I would assume that if a single person had not had sex by the time they were 35, (or was just plain committed to sexual purity regardless of their actual "status") then that was because they viewed sex and its place in life in the same way as I do, and I would be either glad of that (if I was interested in them) or otherwise just plain admiring of that (since we all still have hormones and it is not an easy road!).

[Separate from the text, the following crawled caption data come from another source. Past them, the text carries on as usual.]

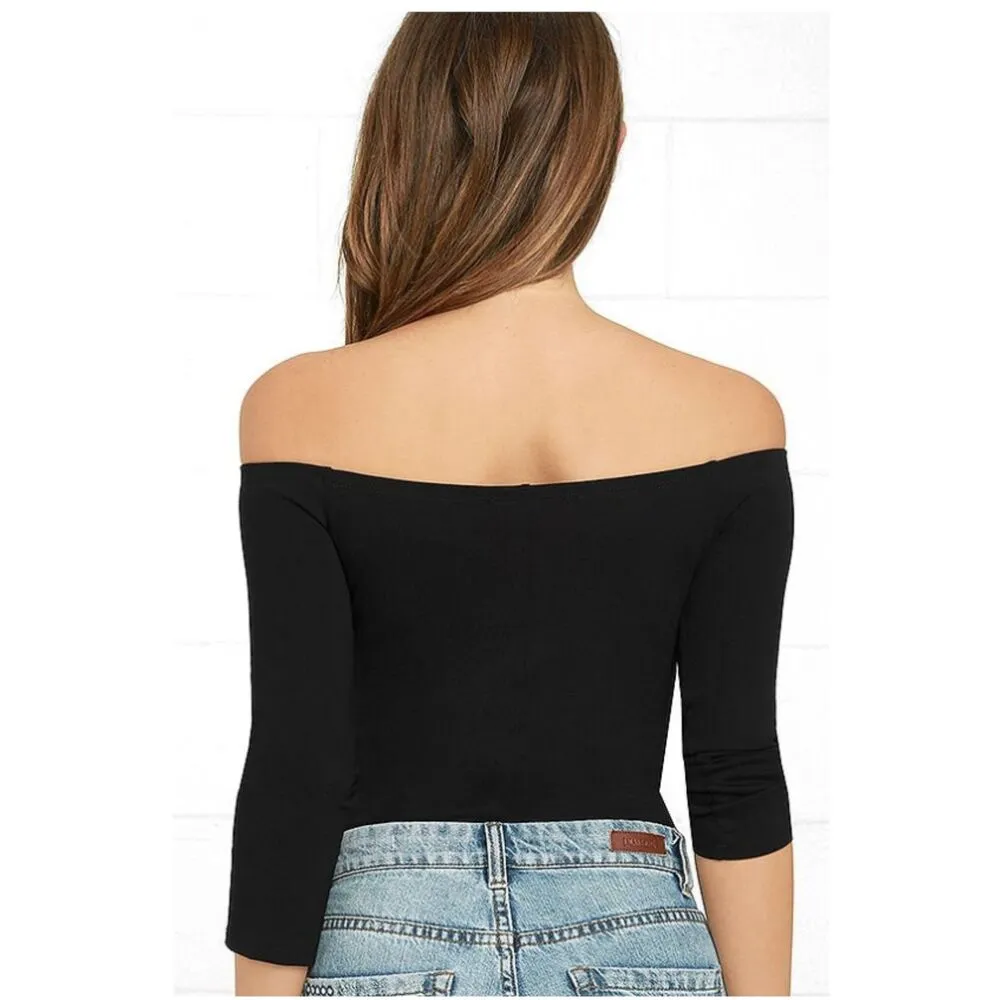 Lulus Like a Bird Black Off the Shoulder Bodysuit Stretchy 3/4 Sleeve Chic Sz L - Image 12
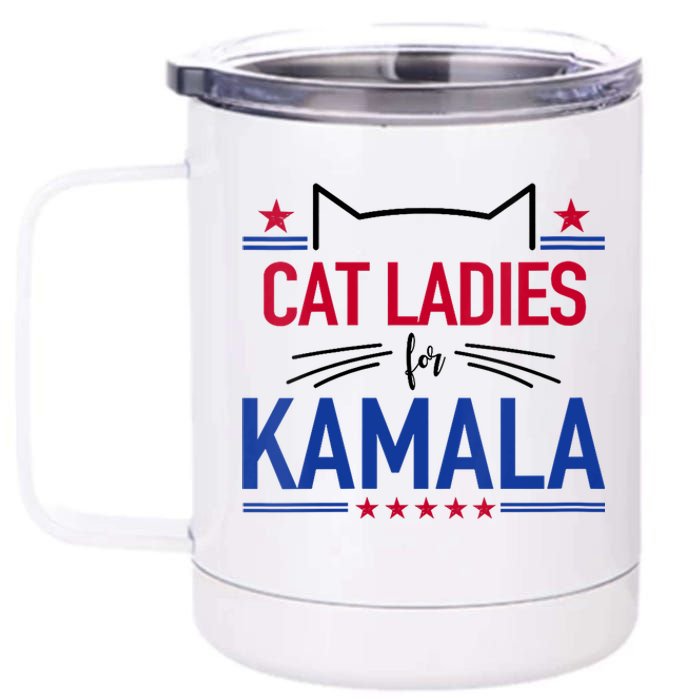 Cat Ladies For Kamala Funny Cat 2024 President Kamala Harris 12 oz Stainless Steel Tumbler Cup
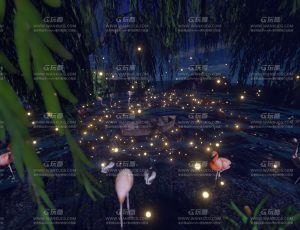 湖中夜景场景Blend工程源文件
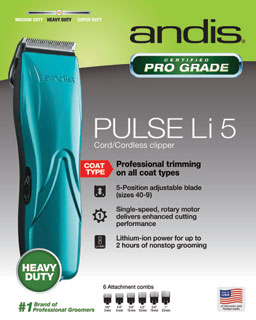 Andis Pulse Li5 Professional 5 in 1 Dog Clipper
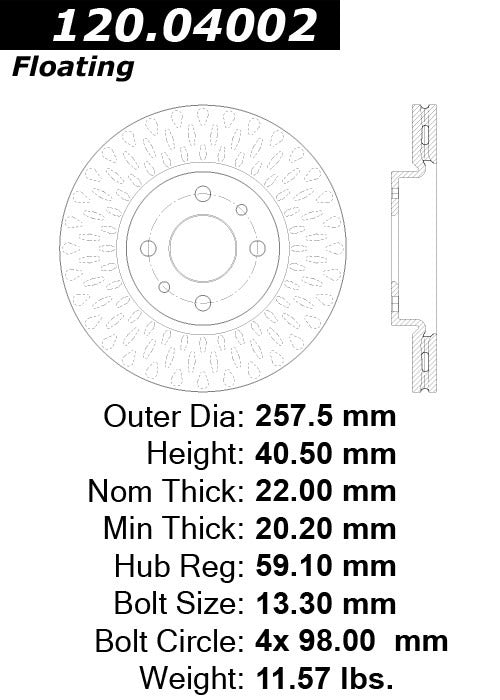 Stoptech Centric Performance Brake Rotor 120.04002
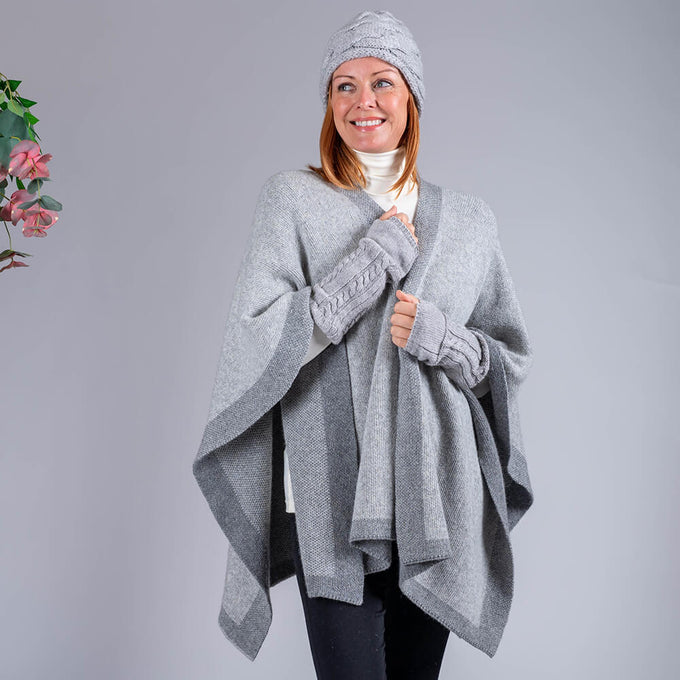 Grey and Ivory Reversible Wool and Cashmere Cape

I agree with 2Timothy2, a person's lack of experience with relationships does not automatically mean that there is something "wrong" with them, either - though it would mean that both people would need to communicate really openly, so in that sense it would be bound to affect the way they related if they were to date. I mean, say the girl had dated before and the guy hadn't - well the girl might have preconceived ideas about the "norms" in relationships - who calls and when, who pays, what "I am fine" means or whatever - and the person who had not dated would not have those preconceived ideas. Mind you, everyone is different, so having as few preconceived ideas as possible is always wise
It bugs me when people assume that there must be something "wrong" with someone who has either had no relationships or not had sex - as though it was for lack of opportunity or reflected badly on them or something, because 99.9% of the time, it is simply because of choices and priorities, and because people are doing what they feel they are called to do, and thus actually reflects positively on them. I know I know, I am a bit off topic, but I read an article the other day and it was referring to a single THIRTY YEAR OLD as a "spinster" - as IF! (And don't get me started on the media's double standards on that re men hehehe). I mean, my first thought was, heck when I turned 30 I remember thinking I was glad I wasn't married yet, any earlier would have been a mistake for me.
It's pretty deep in the psyche of western culture that "loved" and "accepted" = "married" by whatever age is the average in that culture. What a deception. And it is sadder when the church buys into it. I know it is driven by our God given desires and needs to be loved and accepted, but those are there so that we will find our home in Him - I know I am acceptable and loveable because He loves me, whether anyone else does or not - quite apart from the fact that romantic love is only one kind.
To get back on topic, anyone in the position described in the OP would have nothing but my respect. I would make no assumptions, and if I heard any negative comments about that person from anyone else, I would take them up on it.